3rd Try- someone answer please - Not able to fetch Million records from cassandra

Question

3rd Try- someone answer please - Not able to fetch Million records from cassandra

idofmrsandeep opened this issue 7 years ago · comments

Hi Team,

We have a requirement of fetching 1 million/1 billion records from cassandra db. I we are able to achieve best performance from kundera, we will plan to uptake kundera in production. Using Kundera I am not able to fetch the records. we have 3 nodes cassandra setup and 3 node Weblogic server setup. we cannot use spark for fetching the data, we are following JPA java code approach. without any configuration If I try to fetch it is returning only 100 records. In the end I captured the code which I am using.

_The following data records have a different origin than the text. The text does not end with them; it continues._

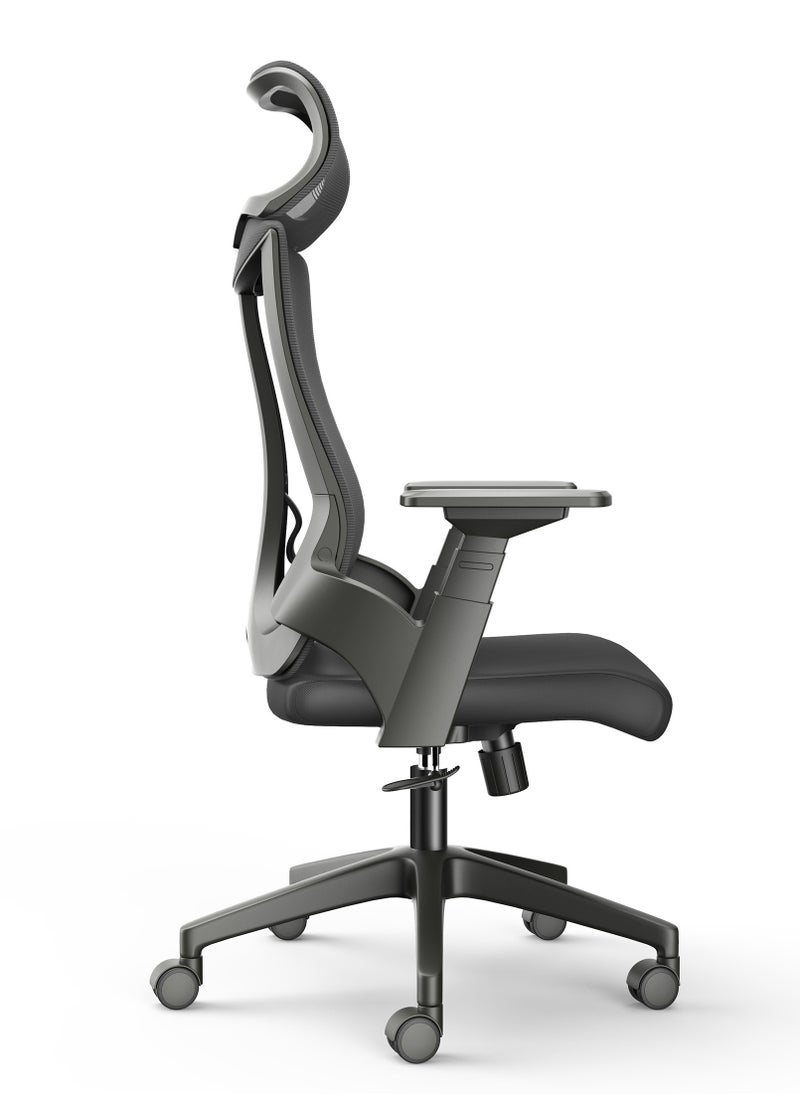 Stylish Comfortable Ergonomic Home Office Desk Chair with Adjustable Armrest and Wider Curved Headrest Large Seat Mesh High Back Support Chair with Lumbar Support Swivel Rotating Computer Chair Black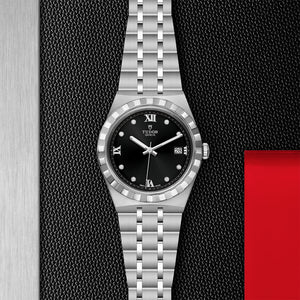 TUDOR Royal Watch with Black Dial and Diamonds - M28500-0004 at Fink's Jewelers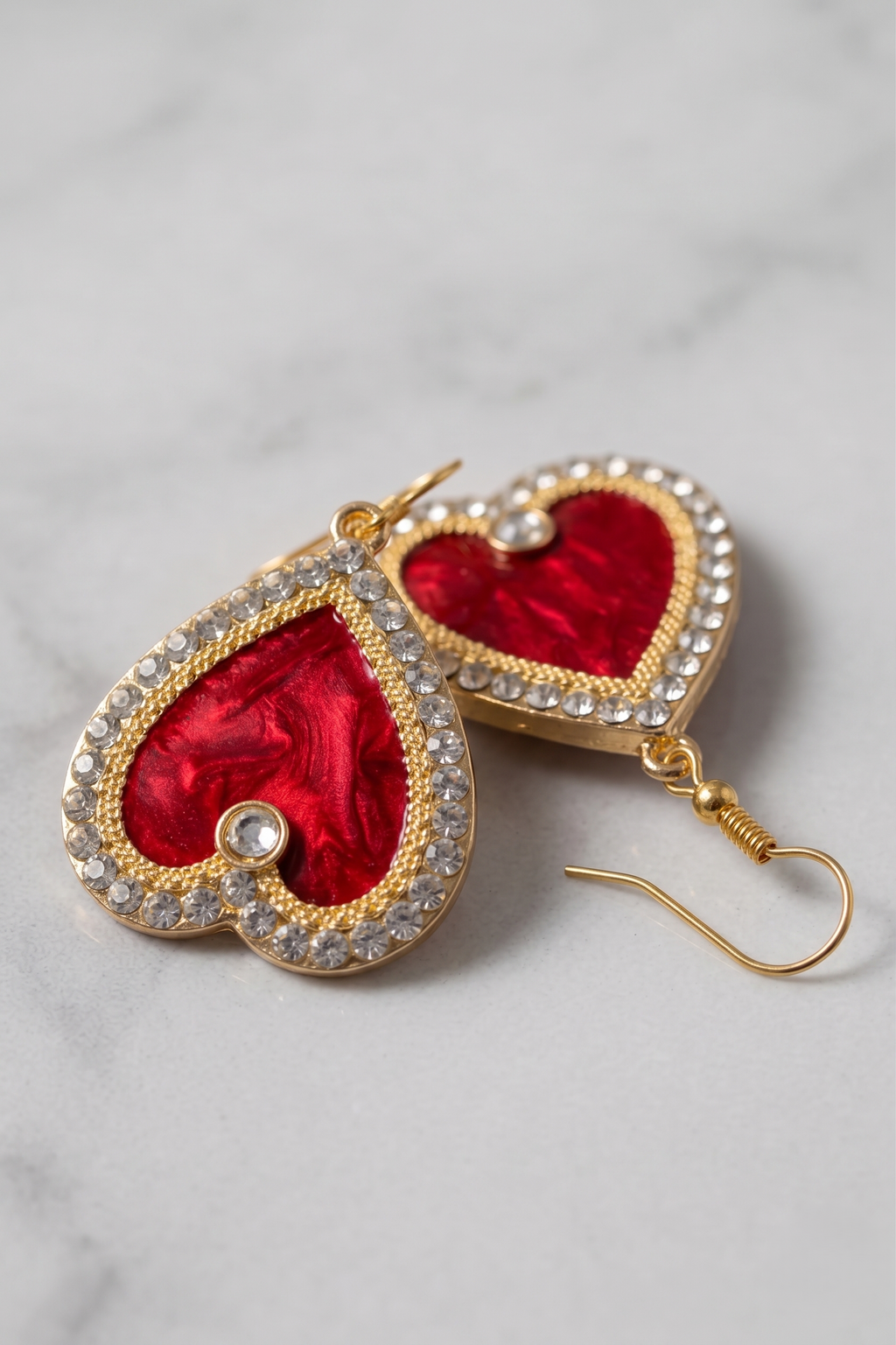 Heart Shape Red Crystal Drop Earrings – Rhinestone Border & Gold Hook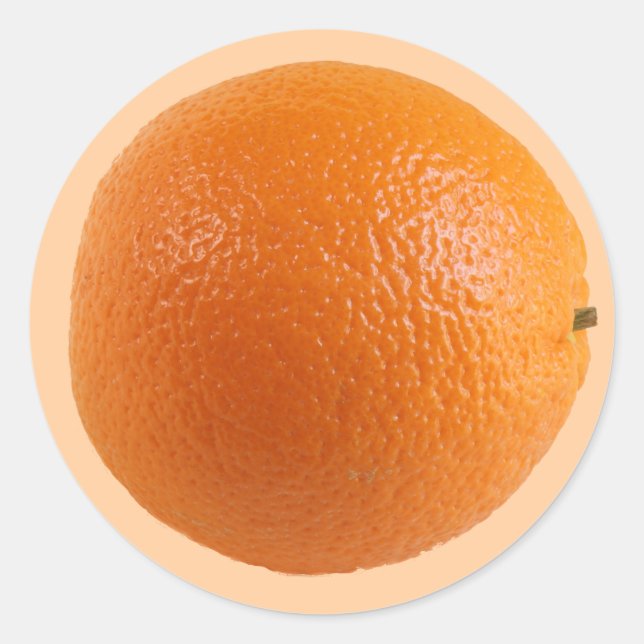 Round Orange Fresh Fruit Photo Classic Round Sticker (Front)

Issue1: If I set MaxResults Value to >3000, I am getting time out error from cassandra. Current read time out value is 10 seconds. Do I need to increase the read timeout value to minutes in cassandra ? Will it help ? Is it the best way to do so? If you have code sample to read millions of records, can you please share?

Issue 2: If I set maxResults to <3000, I am able to read data, but I need to create connection in loop and start getting 100 or 1000 records at a time and I need to add all the records to collection. But these many iterations are really consuming a lot of time.

Issue 3: Do we need to use multi threading code to read records, If so how to distribute the no of records to read per thread, will it not throw timeout error from cassandra ? Can you please share multi threading code if you have ?

Clarification 3: we have 3 nodes setup to read data, is there any node vs data read capability? like one 16GB RAM Octa core machine can read 1 Billion records etc., If so can you please let me know.

Sample Code:
String mainquery = "Select p from MachineAlertAllData p where p.key.reading_date between "+startReadingDate+" AND "+ endingDate;
Query q = em.createQuery(mainquery);
List results = q.getResultList();

Also I made the setting mentioned here :
https://github.com/Impetus/Kundera/wiki/Using-multiple-node-support-and-load-balancing-policy-in-Kundera

Pedro Santos · Answer 1 · Mon May 07 2018 19:46:42 GMT+0800 (China Standard Time)

Hi @idofmrsandeep
Cassandra itself limits the number of records returned, so a batch is the best approach. How you distribute the queries depends largely on your data's organization and partition keys. If you are using UUIDs for partition keys, as they are time related, each node in the cluster will be responsible for specific ranges.
You can also try making a first query to get the UUIDs alone and then, splitting the retrieval of the full objects (or rows, as you choose to call them) by threads. Please note that this may not increase the performance as you send the query to the cluster and you do not know which range belongs to which node.

Regards